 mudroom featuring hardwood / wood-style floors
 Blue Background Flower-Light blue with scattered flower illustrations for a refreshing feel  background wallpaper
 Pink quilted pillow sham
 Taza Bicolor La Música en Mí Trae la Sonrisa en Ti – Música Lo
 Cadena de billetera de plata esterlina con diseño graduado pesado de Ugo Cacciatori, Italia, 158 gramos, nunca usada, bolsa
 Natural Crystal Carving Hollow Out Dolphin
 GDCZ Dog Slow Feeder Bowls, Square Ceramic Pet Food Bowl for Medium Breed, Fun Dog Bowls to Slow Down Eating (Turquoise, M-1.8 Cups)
----------
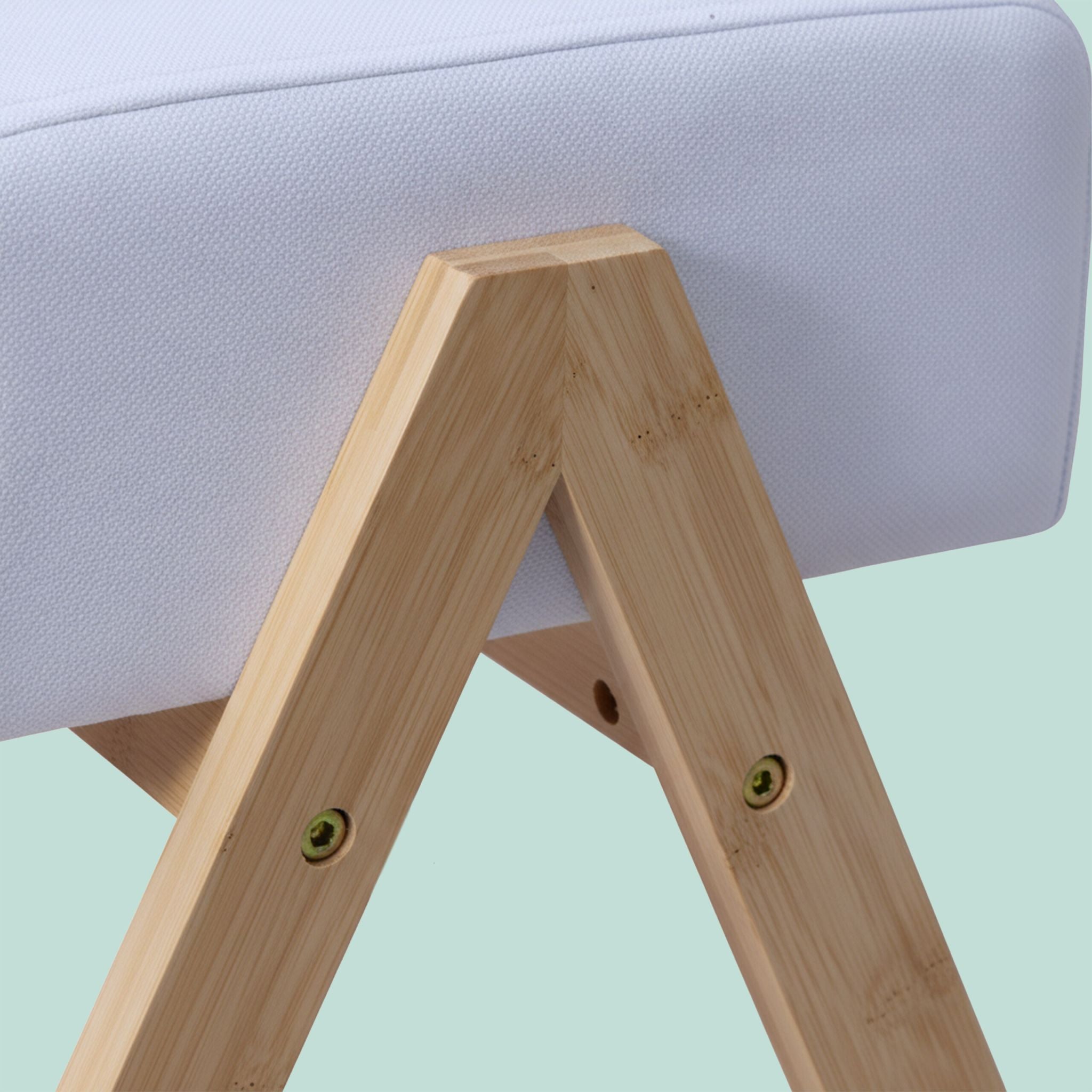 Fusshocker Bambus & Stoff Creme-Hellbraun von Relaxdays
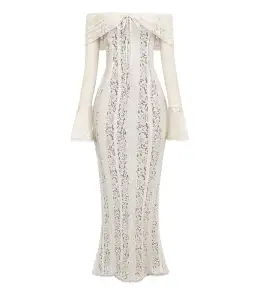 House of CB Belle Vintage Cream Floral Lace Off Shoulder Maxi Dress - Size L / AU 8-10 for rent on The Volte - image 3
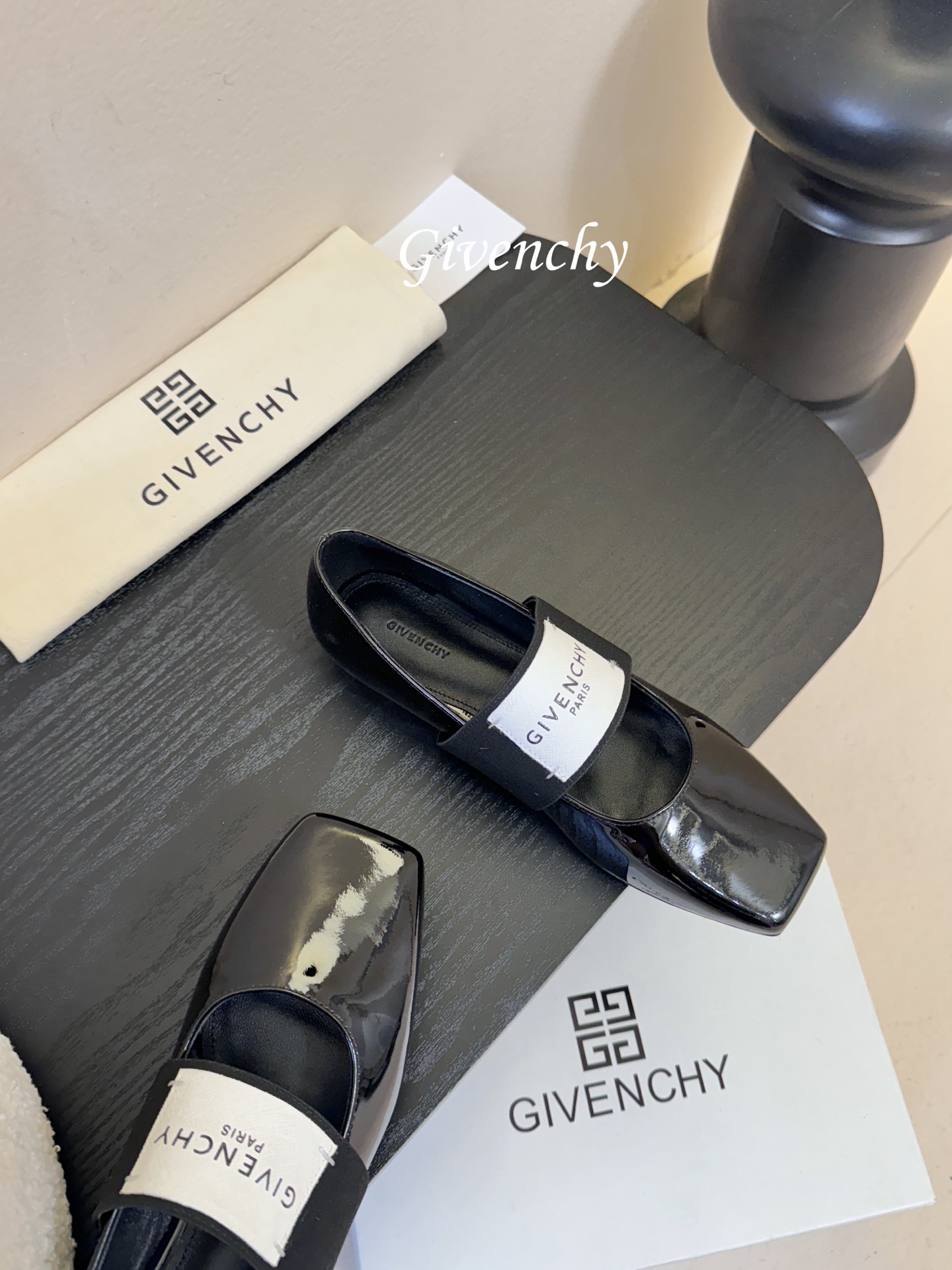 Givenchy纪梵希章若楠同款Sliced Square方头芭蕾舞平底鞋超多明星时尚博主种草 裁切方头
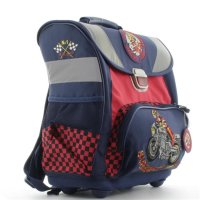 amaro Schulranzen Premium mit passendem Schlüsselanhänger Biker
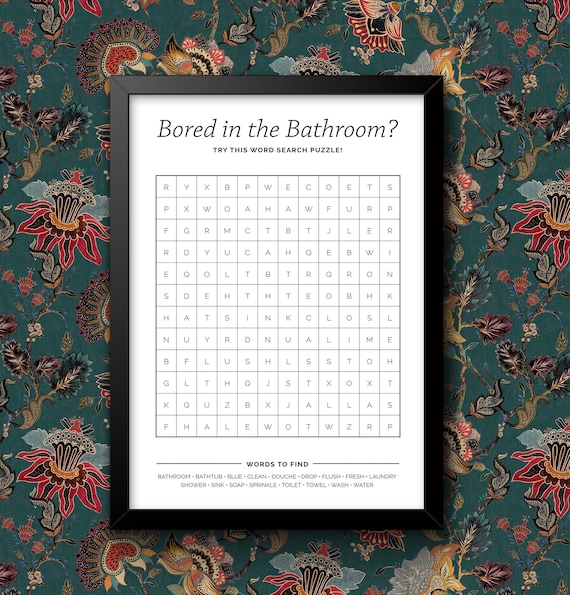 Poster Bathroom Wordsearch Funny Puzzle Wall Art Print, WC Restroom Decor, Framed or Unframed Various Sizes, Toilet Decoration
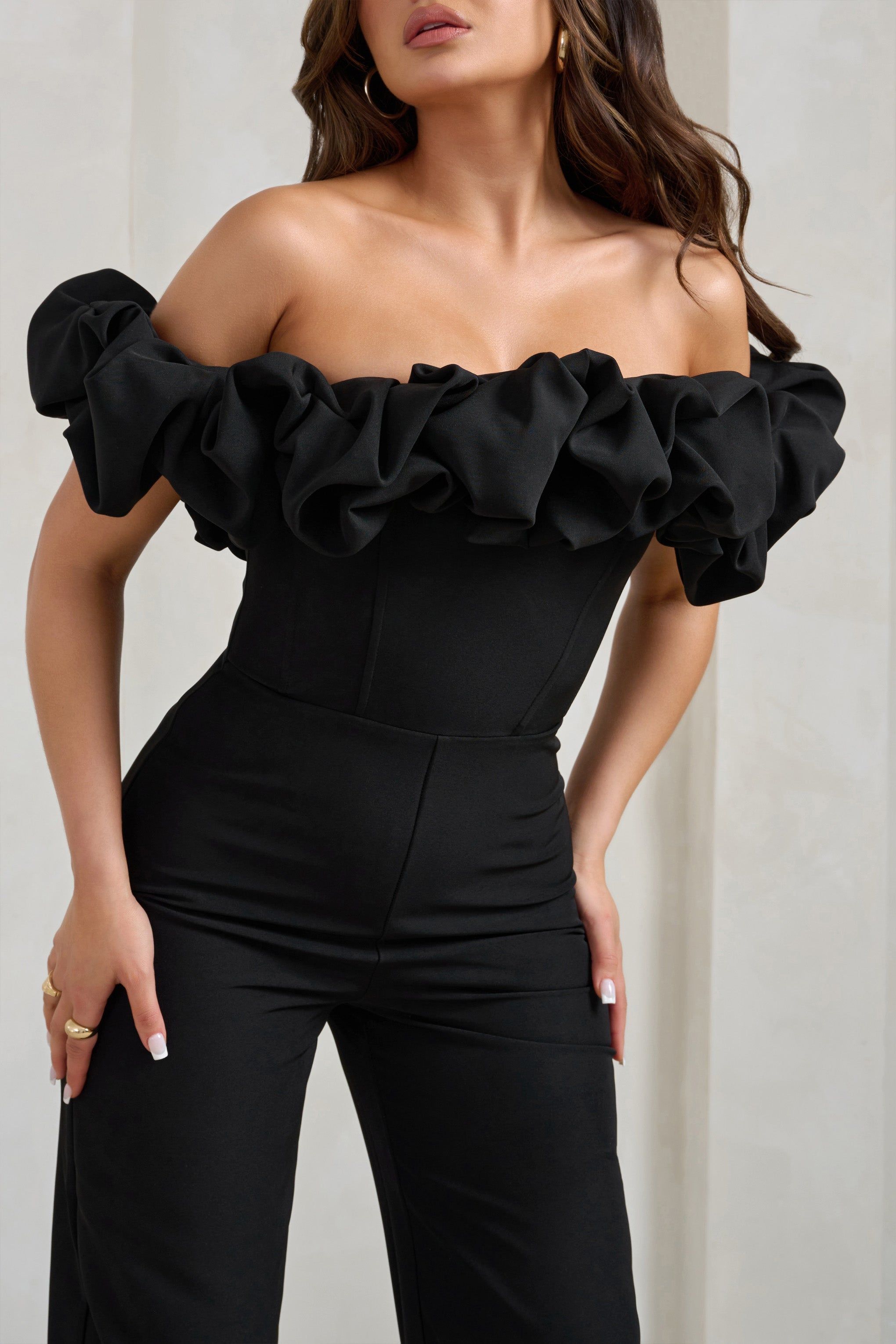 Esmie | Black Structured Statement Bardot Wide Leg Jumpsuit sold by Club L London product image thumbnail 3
----------
WORK INSTRUCTION — Restate word for word the entries above from the line with "mudroom featuring hardwood" through the line with "GDCZ Dog Slow", inclusive, leaving out everything else.

SOLUTION TO THIS PROBLEM —
 mudroom featuring hardwood / wood-style floors
 Blue Background Flower-Light blue with scattered flower illustrations for a refreshing feel  background wallpaper
 Pink quilted pillow sham
 Taza Bicolor La Música en Mí Trae la Sonrisa en Ti – Música Lo
 Cadena de billetera de plata esterlina con diseño graduado pesado de Ugo Cacciatori, Italia, 158 gramos, nunca usada, bolsa
 Natural Crystal Carving Hollow Out Dolphin
 GDCZ Dog Slow Feeder Bowls, Square Ceramic Pet Food Bowl for Medium Breed, Fun Dog Bowls to Slow Down Eating (Turquoise, M-1.8 Cups)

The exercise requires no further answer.